_YOUR OBJECTIVE_. Only the lines in the entries below from the line with "Fashion Dresser Set" to the line with "Sexy Underwear Silk", both included, belong in the answer, transcribed exactly and without pictures.

_DATA RECORDS_.
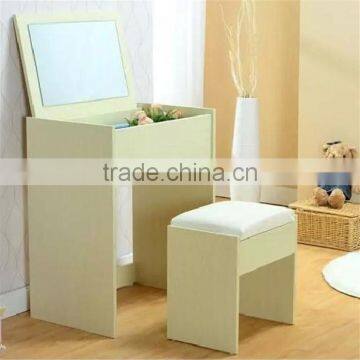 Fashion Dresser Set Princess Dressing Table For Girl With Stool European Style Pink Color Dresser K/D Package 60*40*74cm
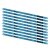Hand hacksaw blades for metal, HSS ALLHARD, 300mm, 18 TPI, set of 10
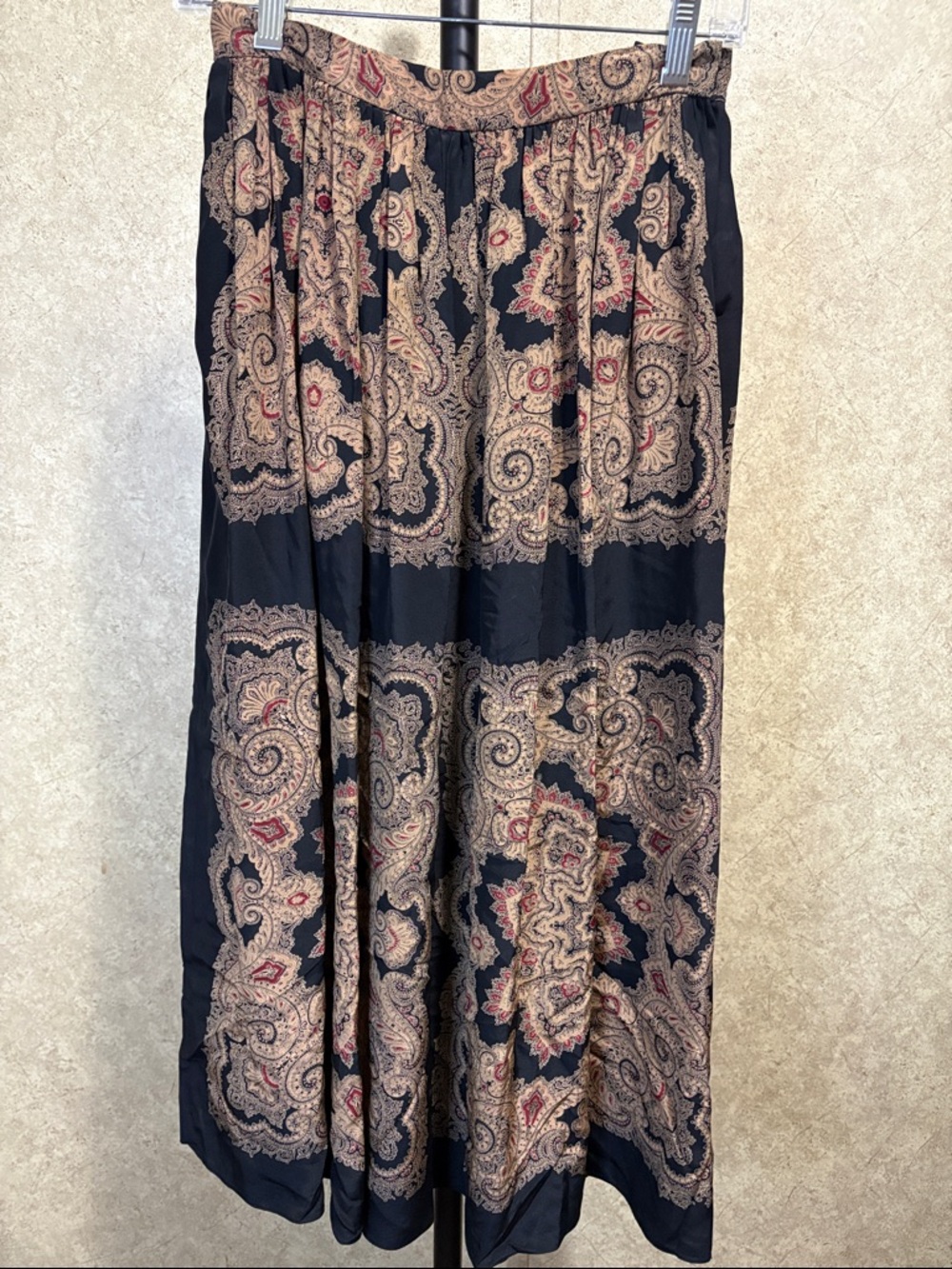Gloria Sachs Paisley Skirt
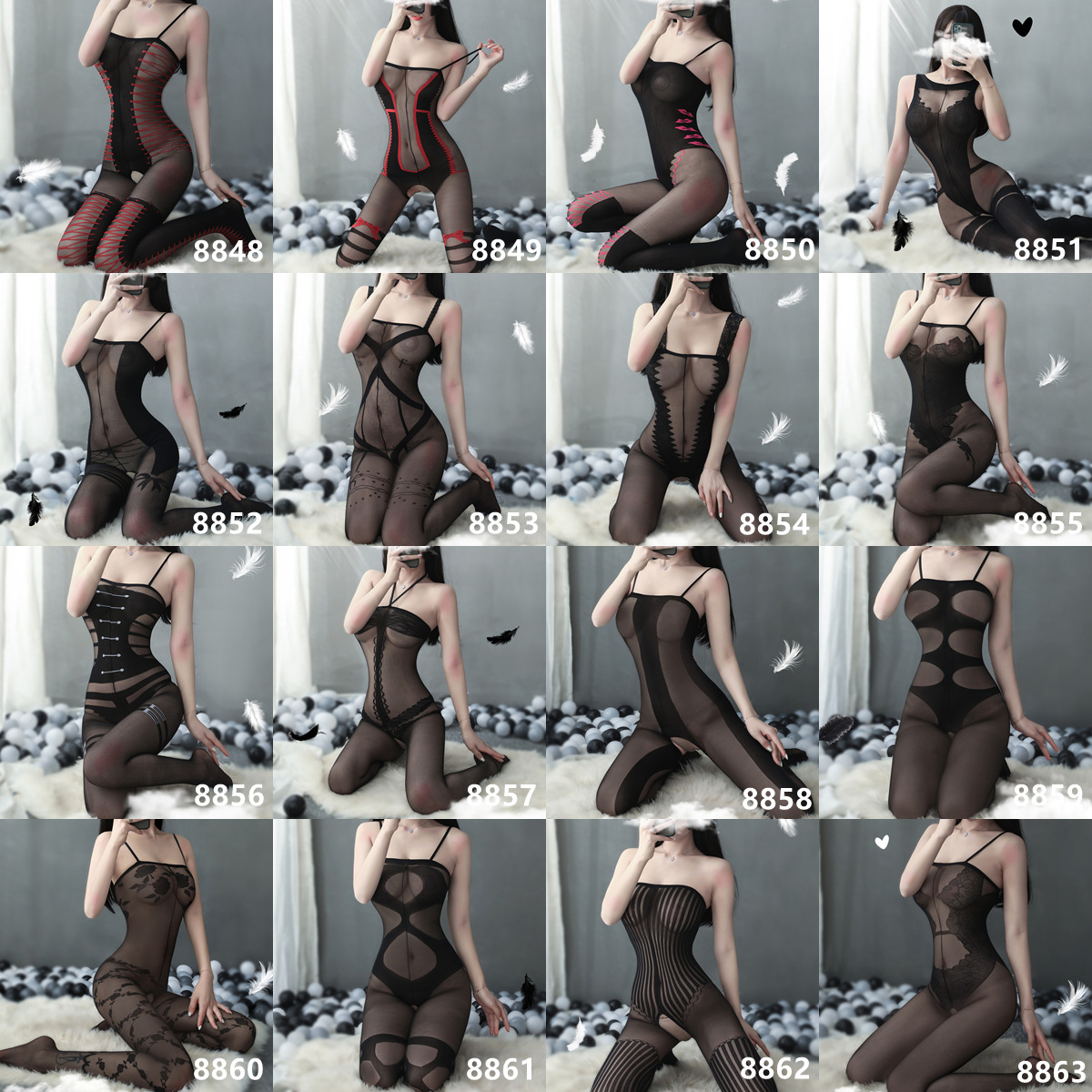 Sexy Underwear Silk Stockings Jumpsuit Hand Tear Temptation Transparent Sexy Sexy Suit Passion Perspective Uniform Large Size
--
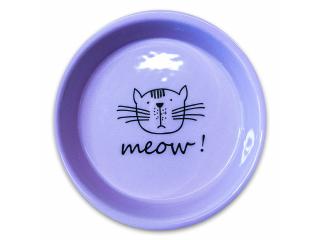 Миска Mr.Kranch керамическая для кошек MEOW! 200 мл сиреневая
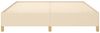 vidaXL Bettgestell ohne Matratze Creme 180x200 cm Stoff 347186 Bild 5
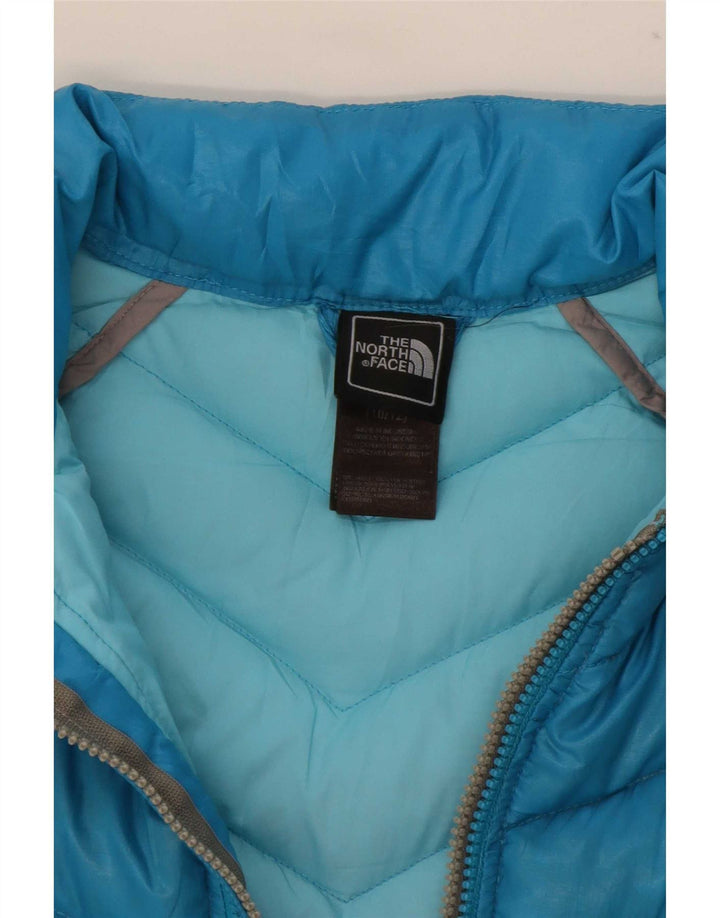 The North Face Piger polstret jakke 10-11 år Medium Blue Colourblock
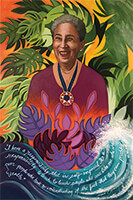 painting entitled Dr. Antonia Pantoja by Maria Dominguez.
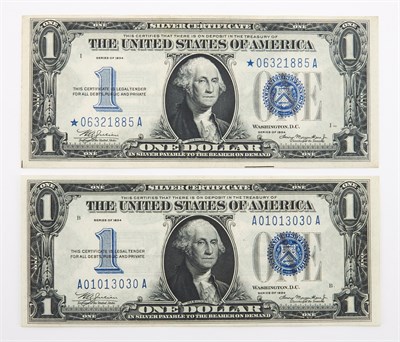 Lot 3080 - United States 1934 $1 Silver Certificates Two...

_SOLUTION TO THIS PROBLEM_.
 Fashion Dresser Set Princess Dressing Table For Girl With Stool European Style Pink Color Dresser K/D Package 60*40*74cm
Hand hacksaw blades for metal, HSS ALLHARD, 300mm, 18 TPI, set of 10
Gloria Sachs Paisley Skirt
 Sexy Underwear Silk Stockings Jumpsuit Hand Tear Temptation Transparent Sexy Sexy Suit Passion Perspective Uniform Large Size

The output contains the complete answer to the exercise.